See https://docs.docker.com/storage/volumes/#backup-restore-or-migrate-data-volumes for more information about backing up and restoring data volumes.
Creating the Solr Backup
Note: This step can be skipped if you already have a Solr data backup.
In order to populate Solr from a backup file, we first need the data. To retrieve the data from a Docker data volume (named "solr-data" in this example) do the following:
- Run a "ubuntu" container with the "solr-data" volume mounted, and run the "tar" command:
> docker run --rm -v `pwd`:/backup --mount source=solr-data,destination=/root/solr ubuntu tar -cvf /backup/backup-solr.tar /root/solr
This will create a "backup-solr.tar" file in the current directory.
Populating a new data volume
- Create a Docker volume named "solr-data":
> docker volume create solr-data
- Run a "ubuntu" container and place the data from the backup-solr.tar into the volume:
> docker run --rm -v `pwd`:/backup --mount source=solr-data,destination=/root/solr ubuntu bash -c "cd /root/solr && tar -xvf /backup/backup-solr.tar --strip 1"
- Create a Docker image "searchumd-solr:dev" using the Dockerfile-solr:
> docker build -t searchumd-solr:dev -f Dockerfile-solr .
- Create a Docker bridge network named "dev_network":
> docker network create dev_network
- Run a Docker container with the Solr image, naming it "solr_app", specifying the "dev_network", and making it accessible from http://localhost:8983/:
> docker run --rm -p 8983:8983 --network dev_network --name solr_app --mount source=solr-data,destination=/opt/solr/server/solr/nutch searchumd-solr:dev
The Solr container will now use and persist data in the "solr-data" Docker volume.

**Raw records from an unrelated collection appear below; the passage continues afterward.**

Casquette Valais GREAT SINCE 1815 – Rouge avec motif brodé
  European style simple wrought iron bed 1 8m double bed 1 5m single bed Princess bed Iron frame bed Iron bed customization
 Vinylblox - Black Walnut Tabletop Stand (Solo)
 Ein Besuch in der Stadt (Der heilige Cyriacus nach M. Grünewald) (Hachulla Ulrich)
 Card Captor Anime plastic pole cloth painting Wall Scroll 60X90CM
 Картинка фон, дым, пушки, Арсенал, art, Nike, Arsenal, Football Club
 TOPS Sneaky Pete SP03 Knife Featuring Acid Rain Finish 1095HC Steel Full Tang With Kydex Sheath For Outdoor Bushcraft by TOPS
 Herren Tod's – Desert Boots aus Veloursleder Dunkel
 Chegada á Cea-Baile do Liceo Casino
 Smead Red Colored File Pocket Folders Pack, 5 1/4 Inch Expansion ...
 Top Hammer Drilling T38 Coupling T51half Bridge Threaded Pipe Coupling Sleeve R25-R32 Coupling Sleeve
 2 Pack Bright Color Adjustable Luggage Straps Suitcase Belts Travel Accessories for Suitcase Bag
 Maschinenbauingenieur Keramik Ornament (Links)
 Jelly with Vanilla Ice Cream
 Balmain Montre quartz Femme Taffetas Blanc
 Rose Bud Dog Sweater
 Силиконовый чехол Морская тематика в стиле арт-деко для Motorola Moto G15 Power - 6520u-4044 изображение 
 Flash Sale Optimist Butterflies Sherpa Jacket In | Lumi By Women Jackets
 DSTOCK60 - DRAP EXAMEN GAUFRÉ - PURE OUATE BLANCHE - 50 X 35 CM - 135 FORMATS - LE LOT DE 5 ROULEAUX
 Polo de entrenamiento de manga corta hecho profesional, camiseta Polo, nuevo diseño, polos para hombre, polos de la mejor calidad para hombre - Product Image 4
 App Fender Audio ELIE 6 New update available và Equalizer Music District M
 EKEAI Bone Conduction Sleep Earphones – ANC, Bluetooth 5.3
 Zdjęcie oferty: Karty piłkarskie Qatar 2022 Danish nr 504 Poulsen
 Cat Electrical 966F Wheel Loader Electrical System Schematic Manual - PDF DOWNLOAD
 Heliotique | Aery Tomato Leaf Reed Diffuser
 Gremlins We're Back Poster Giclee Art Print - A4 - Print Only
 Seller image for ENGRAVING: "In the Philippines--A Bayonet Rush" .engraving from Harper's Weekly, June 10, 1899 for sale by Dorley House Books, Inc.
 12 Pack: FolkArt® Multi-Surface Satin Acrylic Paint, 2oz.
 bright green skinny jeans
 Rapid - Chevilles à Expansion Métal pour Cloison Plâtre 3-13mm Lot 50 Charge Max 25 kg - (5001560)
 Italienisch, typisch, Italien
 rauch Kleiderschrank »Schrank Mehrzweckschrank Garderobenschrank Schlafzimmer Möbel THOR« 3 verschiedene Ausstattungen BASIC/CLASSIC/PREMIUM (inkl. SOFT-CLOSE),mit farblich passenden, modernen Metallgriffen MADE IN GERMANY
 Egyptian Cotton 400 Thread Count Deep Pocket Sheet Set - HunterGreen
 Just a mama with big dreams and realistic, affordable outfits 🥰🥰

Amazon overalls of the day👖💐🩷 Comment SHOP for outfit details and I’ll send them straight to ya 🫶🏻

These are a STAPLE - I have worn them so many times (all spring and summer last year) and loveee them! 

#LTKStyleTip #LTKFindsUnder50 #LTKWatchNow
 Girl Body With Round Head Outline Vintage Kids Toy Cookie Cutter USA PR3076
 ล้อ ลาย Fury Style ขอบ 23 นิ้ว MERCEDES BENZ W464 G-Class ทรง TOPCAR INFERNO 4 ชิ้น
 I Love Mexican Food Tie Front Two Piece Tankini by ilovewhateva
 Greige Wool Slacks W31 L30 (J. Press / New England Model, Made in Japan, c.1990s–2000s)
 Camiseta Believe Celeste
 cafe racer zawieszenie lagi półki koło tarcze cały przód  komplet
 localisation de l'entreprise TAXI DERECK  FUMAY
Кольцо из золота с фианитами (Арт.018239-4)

The Solr instance should now be available via a web browser at:
Docker Images
This application provides the following Dockerfiles for generating Docker images for use in production:
- Dockerfile - Generates image for the searchumd Rails application
- Dockerfile-nginx - Generates image for the Nginx web server providing HTTPS and port redirection.
- Dockerfile-solr - Generates image for the Solr search application
- Dockerfile-nutch - Generates image for Apache Nutch application with UMD custom configuration
The "docker_config" directory contains files used by the Dockerfiles.
In order to generate "clean" Docker images, the Docker images should be built from a fresh clone of the GitHub repository.
Additional Functionality
Website search interface
In addition to the functionality provided by the NSCU QuickSearch Rails engine, this application also provides a search page for the library website on the "website" path (i.e., http://localhost:3000/website.
This functionality uses the quick_search-library_website_searcher to generate the results, and so is also dependent on a running Solr instance.